**Directions for this task:**
Please print the entries below exactly, from the line with "Thumbnail: 2025 Genesis G80 - 9" through the line with "Ruhig Gelegenes 3-raum App Apartment *", including both of those lines and leaving out all others.

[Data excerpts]
+--

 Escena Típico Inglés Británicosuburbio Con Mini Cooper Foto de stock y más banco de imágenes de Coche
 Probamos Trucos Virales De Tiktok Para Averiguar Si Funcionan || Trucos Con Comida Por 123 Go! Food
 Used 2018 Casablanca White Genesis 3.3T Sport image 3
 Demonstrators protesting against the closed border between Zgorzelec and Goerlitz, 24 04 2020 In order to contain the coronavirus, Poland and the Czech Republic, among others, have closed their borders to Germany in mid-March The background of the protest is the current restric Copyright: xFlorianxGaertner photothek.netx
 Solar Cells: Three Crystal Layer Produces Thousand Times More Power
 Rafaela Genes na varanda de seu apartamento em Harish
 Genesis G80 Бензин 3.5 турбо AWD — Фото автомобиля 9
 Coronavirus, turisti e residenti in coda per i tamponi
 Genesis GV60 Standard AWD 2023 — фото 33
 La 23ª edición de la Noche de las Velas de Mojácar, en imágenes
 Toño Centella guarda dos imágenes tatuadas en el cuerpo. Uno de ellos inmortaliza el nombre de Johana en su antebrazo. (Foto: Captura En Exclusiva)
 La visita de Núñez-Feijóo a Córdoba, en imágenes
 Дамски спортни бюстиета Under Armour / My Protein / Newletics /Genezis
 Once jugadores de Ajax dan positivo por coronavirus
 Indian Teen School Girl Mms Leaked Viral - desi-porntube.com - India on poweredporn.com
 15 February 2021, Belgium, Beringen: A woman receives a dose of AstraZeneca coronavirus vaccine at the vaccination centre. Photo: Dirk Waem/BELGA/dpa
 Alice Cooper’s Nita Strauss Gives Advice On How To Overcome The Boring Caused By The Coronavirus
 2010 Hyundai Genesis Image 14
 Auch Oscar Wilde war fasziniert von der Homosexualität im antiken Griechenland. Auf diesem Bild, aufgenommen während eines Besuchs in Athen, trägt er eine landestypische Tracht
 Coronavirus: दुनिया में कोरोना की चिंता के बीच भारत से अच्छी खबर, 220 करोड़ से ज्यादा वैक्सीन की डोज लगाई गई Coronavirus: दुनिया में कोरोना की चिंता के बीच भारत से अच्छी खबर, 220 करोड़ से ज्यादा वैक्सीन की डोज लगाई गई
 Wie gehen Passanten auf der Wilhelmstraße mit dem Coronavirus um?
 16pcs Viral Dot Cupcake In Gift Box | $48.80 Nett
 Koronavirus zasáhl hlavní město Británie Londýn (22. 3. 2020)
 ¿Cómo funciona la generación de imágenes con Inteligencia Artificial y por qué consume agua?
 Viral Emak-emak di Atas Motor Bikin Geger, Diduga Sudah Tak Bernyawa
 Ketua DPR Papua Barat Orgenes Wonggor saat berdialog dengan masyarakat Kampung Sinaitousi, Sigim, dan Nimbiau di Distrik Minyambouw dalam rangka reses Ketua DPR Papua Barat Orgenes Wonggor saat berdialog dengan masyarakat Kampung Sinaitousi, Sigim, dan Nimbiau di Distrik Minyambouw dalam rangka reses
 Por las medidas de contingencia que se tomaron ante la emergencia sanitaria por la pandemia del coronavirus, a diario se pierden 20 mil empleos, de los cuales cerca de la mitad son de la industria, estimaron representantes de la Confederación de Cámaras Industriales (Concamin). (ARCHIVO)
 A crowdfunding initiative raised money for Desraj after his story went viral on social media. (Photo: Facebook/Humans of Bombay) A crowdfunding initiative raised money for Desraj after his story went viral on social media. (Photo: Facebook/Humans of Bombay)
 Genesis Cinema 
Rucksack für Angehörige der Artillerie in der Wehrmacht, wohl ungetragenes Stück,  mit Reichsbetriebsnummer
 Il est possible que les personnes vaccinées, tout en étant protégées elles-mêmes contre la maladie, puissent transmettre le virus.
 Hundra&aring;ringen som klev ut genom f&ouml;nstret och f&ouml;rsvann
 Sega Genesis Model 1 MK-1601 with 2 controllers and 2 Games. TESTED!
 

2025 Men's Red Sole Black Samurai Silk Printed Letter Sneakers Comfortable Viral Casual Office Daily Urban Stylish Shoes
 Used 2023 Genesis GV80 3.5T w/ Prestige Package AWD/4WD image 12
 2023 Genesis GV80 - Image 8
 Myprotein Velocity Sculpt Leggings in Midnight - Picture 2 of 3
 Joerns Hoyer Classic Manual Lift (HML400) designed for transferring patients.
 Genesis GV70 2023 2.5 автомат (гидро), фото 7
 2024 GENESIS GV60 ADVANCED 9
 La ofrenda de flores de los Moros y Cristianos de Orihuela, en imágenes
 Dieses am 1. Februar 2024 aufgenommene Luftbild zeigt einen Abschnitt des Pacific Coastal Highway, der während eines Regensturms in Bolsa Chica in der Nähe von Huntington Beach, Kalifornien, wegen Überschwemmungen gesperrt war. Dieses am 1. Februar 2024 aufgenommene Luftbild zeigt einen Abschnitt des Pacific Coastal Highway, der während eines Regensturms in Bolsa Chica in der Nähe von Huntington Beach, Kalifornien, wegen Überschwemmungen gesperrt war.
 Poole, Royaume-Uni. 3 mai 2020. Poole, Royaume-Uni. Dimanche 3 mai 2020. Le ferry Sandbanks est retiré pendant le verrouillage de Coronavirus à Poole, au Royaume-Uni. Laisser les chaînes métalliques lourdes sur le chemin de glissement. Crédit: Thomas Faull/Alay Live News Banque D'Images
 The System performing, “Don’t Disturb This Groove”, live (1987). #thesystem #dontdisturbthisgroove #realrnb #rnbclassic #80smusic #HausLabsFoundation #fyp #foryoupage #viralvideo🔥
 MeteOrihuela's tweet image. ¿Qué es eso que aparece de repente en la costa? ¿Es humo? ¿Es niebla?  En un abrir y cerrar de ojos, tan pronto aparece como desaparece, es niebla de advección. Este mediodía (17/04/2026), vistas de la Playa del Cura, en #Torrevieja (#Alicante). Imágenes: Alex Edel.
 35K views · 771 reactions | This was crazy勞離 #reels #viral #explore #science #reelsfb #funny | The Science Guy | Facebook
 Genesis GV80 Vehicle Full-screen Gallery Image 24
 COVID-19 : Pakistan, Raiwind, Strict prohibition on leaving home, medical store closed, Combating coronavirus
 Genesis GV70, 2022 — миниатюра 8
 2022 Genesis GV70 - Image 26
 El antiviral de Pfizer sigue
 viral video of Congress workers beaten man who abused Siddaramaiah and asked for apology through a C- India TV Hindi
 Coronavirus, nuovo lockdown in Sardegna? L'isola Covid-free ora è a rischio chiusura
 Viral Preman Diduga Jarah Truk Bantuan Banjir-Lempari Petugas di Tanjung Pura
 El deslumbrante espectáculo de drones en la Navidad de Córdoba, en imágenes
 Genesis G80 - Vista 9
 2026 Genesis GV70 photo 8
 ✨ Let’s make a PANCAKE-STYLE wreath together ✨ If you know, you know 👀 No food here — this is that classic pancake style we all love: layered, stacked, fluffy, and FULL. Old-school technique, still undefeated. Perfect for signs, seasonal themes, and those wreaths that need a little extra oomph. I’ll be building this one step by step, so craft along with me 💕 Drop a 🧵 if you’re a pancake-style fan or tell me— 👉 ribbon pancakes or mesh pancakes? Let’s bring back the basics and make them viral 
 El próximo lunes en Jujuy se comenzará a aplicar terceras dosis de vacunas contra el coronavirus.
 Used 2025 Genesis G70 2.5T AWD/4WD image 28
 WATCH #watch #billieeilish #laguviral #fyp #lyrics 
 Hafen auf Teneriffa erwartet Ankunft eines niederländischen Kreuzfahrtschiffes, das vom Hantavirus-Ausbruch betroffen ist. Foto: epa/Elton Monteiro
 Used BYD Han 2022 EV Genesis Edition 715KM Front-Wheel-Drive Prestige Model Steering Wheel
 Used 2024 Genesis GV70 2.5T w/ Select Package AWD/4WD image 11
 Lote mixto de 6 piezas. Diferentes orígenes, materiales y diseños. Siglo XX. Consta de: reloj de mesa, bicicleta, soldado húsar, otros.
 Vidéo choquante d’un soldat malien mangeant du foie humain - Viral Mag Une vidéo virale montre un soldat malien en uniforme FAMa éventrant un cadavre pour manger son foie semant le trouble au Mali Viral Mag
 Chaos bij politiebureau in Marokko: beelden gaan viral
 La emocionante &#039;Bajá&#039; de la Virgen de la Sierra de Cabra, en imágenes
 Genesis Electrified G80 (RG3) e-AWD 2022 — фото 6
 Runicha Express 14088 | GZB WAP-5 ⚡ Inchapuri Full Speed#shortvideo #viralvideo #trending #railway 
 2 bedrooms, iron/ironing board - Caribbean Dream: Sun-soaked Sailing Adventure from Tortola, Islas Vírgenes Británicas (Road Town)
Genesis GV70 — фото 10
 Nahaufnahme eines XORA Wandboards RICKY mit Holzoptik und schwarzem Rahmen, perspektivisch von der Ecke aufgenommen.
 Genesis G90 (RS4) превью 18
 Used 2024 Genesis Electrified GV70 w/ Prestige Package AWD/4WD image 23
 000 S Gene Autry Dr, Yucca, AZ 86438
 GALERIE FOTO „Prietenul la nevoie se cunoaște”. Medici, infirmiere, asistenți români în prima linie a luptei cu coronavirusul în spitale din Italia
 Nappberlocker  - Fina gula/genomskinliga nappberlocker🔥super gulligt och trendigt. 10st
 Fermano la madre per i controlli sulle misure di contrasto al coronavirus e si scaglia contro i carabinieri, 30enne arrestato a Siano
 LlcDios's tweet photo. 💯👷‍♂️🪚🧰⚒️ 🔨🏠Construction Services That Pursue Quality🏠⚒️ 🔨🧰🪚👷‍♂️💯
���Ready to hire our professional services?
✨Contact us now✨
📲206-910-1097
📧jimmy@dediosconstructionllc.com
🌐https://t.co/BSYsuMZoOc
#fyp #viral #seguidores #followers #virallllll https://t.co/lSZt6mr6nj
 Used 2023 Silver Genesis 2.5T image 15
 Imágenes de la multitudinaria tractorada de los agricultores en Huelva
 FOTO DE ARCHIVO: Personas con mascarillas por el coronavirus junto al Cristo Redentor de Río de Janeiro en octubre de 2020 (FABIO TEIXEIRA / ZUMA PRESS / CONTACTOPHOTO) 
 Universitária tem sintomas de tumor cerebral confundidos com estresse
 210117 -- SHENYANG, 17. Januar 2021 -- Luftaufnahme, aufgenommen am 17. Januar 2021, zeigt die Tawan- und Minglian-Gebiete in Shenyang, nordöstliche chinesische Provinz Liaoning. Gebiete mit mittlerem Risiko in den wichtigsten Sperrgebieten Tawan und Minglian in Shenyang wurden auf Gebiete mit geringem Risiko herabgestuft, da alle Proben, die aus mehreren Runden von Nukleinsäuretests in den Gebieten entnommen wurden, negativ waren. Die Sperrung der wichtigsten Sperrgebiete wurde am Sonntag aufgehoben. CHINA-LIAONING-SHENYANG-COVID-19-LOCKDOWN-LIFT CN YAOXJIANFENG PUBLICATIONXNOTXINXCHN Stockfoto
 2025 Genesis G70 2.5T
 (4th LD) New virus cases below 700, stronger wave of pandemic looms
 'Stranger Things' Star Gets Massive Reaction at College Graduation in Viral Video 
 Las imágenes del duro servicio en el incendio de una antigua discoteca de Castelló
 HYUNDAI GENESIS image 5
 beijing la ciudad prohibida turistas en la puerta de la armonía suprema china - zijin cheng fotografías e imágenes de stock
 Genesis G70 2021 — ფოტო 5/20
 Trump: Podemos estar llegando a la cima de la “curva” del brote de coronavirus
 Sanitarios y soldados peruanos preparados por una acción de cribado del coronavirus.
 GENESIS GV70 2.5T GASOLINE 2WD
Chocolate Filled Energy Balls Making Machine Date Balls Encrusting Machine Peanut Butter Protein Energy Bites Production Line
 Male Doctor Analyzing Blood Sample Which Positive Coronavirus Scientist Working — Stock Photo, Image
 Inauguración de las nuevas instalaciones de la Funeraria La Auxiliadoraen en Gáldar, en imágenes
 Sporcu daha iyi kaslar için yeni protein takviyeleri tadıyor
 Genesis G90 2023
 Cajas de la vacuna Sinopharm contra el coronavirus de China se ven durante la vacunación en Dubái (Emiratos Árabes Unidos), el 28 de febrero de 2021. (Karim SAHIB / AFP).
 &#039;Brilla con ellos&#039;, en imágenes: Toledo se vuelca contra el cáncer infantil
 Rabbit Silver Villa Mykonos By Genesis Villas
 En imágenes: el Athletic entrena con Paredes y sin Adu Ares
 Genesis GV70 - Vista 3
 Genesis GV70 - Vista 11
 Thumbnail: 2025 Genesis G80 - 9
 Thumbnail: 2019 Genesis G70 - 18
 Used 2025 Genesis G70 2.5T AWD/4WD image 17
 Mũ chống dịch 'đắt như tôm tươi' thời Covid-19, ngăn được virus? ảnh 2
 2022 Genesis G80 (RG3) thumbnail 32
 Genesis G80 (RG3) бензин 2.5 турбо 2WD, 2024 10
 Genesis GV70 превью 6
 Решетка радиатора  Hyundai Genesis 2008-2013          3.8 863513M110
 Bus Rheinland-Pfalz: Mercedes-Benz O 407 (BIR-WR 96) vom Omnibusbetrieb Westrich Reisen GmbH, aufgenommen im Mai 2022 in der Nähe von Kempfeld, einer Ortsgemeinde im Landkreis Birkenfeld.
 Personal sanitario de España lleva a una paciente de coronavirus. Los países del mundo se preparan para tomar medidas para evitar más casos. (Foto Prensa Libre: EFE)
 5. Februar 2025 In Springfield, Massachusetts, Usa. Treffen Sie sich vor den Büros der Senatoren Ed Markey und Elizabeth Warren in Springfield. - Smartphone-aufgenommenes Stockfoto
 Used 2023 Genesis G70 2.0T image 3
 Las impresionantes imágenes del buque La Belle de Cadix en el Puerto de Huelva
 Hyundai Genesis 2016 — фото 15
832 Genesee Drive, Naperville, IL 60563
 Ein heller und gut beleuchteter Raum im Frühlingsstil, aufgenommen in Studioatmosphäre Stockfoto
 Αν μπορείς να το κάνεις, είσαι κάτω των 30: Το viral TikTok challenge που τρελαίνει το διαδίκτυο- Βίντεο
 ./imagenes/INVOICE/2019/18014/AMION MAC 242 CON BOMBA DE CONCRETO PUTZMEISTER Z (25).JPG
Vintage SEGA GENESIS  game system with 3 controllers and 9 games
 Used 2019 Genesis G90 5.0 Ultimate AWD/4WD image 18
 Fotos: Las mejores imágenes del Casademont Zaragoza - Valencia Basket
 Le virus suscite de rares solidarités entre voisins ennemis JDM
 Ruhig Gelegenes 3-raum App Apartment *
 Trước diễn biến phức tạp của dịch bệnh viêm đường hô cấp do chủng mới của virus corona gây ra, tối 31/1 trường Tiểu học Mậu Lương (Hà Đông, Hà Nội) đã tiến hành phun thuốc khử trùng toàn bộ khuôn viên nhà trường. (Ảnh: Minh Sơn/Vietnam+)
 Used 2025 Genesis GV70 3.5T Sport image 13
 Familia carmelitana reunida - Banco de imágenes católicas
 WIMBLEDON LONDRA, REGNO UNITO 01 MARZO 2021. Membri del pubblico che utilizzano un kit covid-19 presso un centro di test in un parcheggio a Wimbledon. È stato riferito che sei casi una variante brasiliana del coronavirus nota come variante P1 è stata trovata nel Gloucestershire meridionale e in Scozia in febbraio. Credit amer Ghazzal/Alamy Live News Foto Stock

+--

**Worked solution:**
 Thumbnail: 2025 Genesis G80 - 9
 Thumbnail: 2019 Genesis G70 - 18
 Used 2025 Genesis G70 2.5T AWD/4WD image 17
 Mũ chống dịch 'đắt như tôm tươi' thời Covid-19, ngăn được virus? ảnh 2
 2022 Genesis G80 (RG3) thumbnail 32
 Genesis G80 (RG3) бензин 2.5 турбо 2WD, 2024 10
 Genesis GV70 превью 6
 Решетка радиатора  Hyundai Genesis 2008-2013          3.8 863513M110
 Bus Rheinland-Pfalz: Mercedes-Benz O 407 (BIR-WR 96) vom Omnibusbetrieb Westrich Reisen GmbH, aufgenommen im Mai 2022 in der Nähe von Kempfeld, einer Ortsgemeinde im Landkreis Birkenfeld.
 Personal sanitario de España lleva a una paciente de coronavirus. Los países del mundo se preparan para tomar medidas para evitar más casos. (Foto Prensa Libre: EFE)
 5. Februar 2025 In Springfield, Massachusetts, Usa. Treffen Sie sich vor den Büros der Senatoren Ed Markey und Elizabeth Warren in Springfield. - Smartphone-aufgenommenes Stockfoto
 Used 2023 Genesis G70 2.0T image 3
 Las impresionantes imágenes del buque La Belle de Cadix en el Puerto de Huelva
 Hyundai Genesis 2016 — фото 15
832 Genesee Drive, Naperville, IL 60563
 Ein heller und gut beleuchteter Raum im Frühlingsstil, aufgenommen in Studioatmosphäre Stockfoto
 Αν μπορείς να το κάνεις, είσαι κάτω των 30: Το viral TikTok challenge που τρελαίνει το διαδίκτυο- Βίντεο
 ./imagenes/INVOICE/2019/18014/AMION MAC 242 CON BOMBA DE CONCRETO PUTZMEISTER Z (25).JPG
Vintage SEGA GENESIS  game system with 3 controllers and 9 games
 Used 2019 Genesis G90 5.0 Ultimate AWD/4WD image 18
 Fotos: Las mejores imágenes del Casademont Zaragoza - Valencia Basket
 Le virus suscite de rares solidarités entre voisins ennemis JDM
 Ruhig Gelegenes 3-raum App Apartment *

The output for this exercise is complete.